An automatic defect classification and segmentation method on three-dimensional point clouds for sewer pipes

Abstract

With the development of deep learning (DL), sewer pipe inspection on two-dimensional (2D) images has achieved remarkable accuracy. However, extracting defect measurements from these 2D images is challenging due to the curved nature of pipes and the lack of depth information. Point clouds can restore the three-dimensional (3D) information of objects. To effectively identify defects in disordered and sparse point clouds, a 3D sewer pipe classification and segmentation method was proposed. In the encoder, the original point clouds are sampled and grouped and the local features in the clusters are extracted by two symmetric functions (1 × 1 convolution and the maximization function) to process the points with permutation invariance. In the decoder, the multi-scaling abstract features are upsampled using feature pyramid network (FPN) to predict the category of each point.

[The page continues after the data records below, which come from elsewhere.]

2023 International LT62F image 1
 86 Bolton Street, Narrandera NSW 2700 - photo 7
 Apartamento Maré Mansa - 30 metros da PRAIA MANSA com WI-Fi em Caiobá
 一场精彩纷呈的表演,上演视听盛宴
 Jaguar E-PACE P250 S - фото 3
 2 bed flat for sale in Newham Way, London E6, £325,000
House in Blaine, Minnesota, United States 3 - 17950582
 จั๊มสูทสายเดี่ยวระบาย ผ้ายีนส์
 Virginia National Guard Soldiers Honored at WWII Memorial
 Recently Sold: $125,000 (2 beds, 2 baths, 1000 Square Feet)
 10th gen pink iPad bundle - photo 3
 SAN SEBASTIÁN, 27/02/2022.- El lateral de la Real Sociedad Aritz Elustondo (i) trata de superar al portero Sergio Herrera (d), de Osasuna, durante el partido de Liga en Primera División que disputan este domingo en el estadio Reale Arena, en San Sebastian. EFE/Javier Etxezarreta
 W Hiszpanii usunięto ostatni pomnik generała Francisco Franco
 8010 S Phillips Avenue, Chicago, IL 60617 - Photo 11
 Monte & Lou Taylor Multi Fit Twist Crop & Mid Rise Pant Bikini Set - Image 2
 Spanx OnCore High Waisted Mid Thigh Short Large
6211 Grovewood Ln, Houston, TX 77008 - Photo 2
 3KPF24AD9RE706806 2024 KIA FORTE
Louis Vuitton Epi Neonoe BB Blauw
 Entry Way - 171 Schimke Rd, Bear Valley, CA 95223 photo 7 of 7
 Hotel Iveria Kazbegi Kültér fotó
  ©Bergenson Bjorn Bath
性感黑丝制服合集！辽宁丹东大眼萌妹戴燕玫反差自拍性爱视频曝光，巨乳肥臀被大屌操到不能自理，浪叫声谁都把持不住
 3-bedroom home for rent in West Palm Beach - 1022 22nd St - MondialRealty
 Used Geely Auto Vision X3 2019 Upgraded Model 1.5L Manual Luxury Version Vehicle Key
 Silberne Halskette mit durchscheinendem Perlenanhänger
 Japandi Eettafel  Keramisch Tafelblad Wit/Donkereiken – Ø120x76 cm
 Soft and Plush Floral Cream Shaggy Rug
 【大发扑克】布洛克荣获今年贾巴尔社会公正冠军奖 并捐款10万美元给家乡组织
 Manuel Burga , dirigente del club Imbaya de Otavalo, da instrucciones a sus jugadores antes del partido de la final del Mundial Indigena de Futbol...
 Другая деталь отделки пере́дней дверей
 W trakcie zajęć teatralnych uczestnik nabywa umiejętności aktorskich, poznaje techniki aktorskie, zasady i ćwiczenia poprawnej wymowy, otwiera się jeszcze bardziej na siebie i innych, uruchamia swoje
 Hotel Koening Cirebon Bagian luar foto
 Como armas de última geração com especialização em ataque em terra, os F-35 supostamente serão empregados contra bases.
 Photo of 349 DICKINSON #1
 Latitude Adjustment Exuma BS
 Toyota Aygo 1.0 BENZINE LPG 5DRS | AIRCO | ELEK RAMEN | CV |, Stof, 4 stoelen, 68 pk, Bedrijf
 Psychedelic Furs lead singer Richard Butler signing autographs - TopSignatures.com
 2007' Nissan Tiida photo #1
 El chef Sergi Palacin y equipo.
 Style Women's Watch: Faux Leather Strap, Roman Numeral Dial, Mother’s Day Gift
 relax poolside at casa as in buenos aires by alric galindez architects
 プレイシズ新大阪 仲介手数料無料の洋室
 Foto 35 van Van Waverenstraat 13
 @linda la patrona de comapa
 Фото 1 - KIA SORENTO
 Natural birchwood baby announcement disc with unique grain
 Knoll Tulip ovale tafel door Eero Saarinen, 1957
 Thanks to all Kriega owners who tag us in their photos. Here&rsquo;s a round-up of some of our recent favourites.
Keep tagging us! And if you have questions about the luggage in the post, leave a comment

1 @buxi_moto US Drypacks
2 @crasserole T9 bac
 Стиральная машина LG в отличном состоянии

Especially, the network structure and training strategy of the inspection method is optimized to improve the inspection accuracy. Furthermore, two data augmentation methods, namely random scaling and point jitter, are used to increase the data volume. An ablation experiment shows that the optimization of network structure can effectively improve the performance of the inspection model and the novel training strategies can stabilize the training process and prevent overfitting. Comparison among the state-of-the-art networks demonstrates that the proposed segmentation model attains the highest mIoU of 94.15 %, which is improved by 11.46 % with the optimization of network structure and training strategy. For the classification task, the F1 score and accuracy of the established model are 6.79 % and 5.46 % higher than PointNet++, respectively. These results signify the high-accuracy defect inspection capability of our proposed method on 3D point clouds of sewer pipelines.